## Required action
Your response should consist of the entire listing, transcribed exactly, with every image left out.

Start of Exercise data

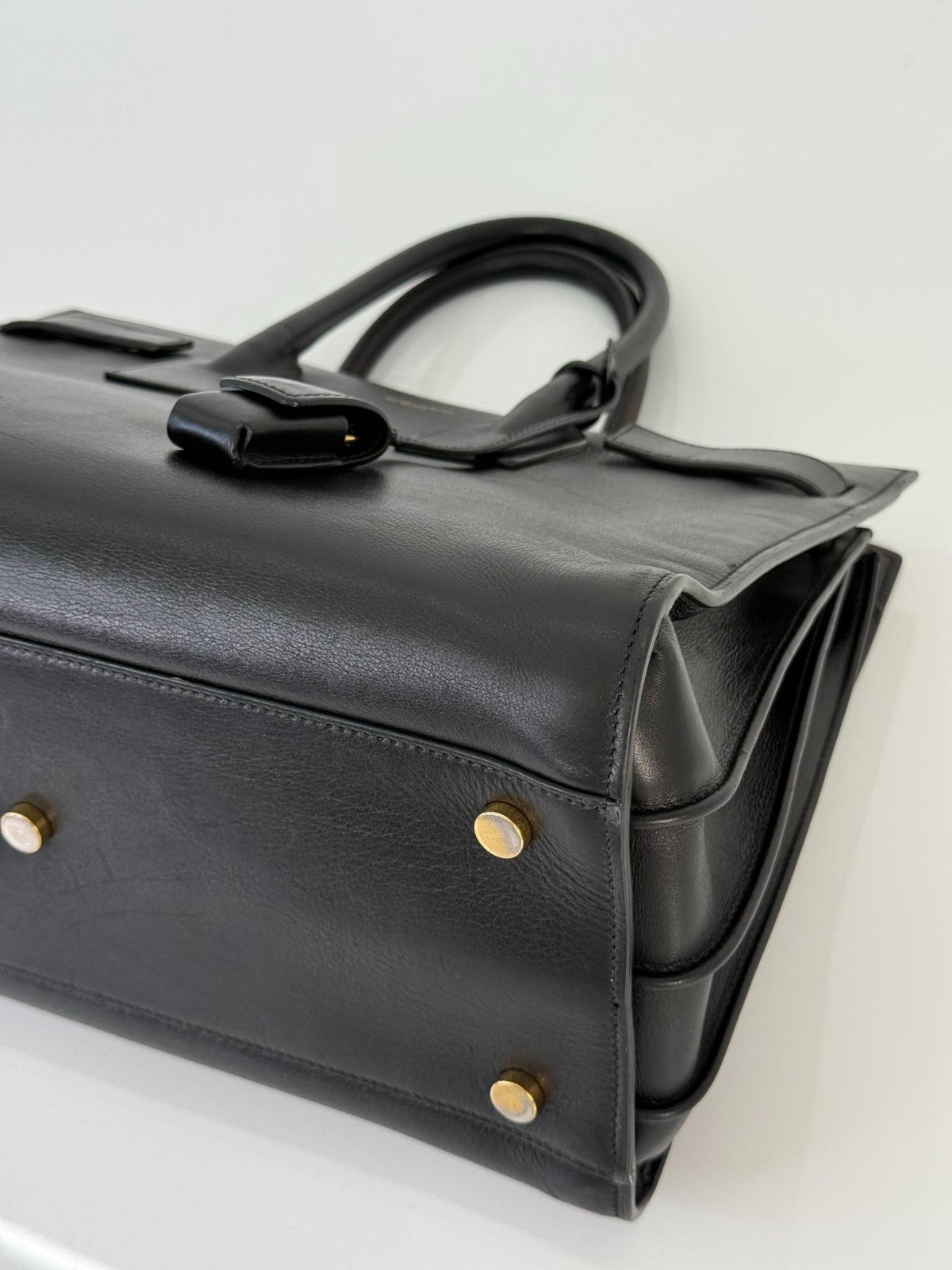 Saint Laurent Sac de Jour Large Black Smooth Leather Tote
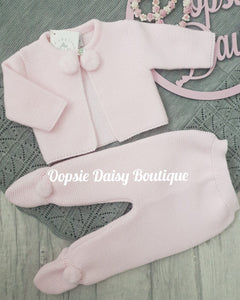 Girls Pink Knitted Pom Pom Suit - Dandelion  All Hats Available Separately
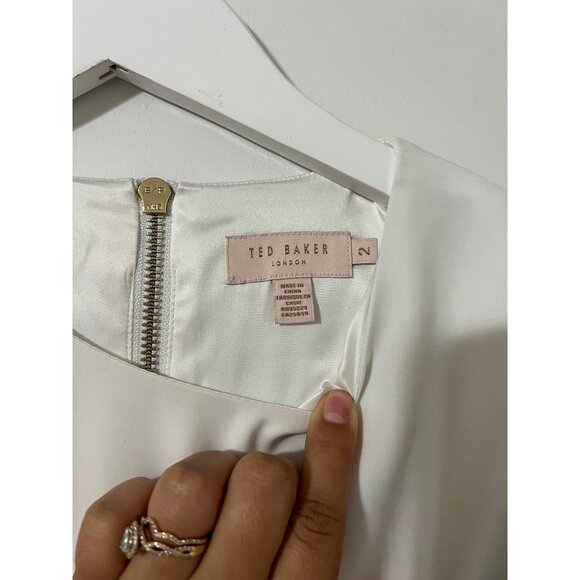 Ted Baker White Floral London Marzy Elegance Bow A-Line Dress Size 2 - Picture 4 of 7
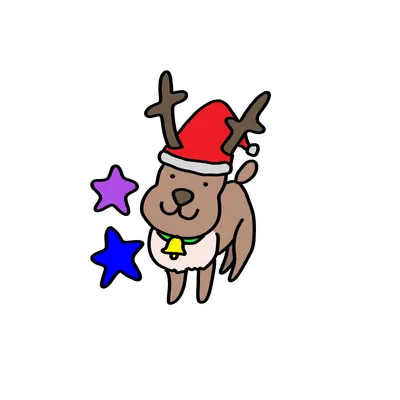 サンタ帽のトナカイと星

End of Exercise data

## Exercise response
 Saint Laurent Sac de Jour Large Black Smooth Leather Tote
 Girls Pink Knitted Pom Pom Suit - Dandelion  All Hats Available Separately
 Ted Baker White Floral London Marzy Elegance Bow A-Line Dress Size 2 - Picture 4 of 7
 サンタ帽のトナカイと星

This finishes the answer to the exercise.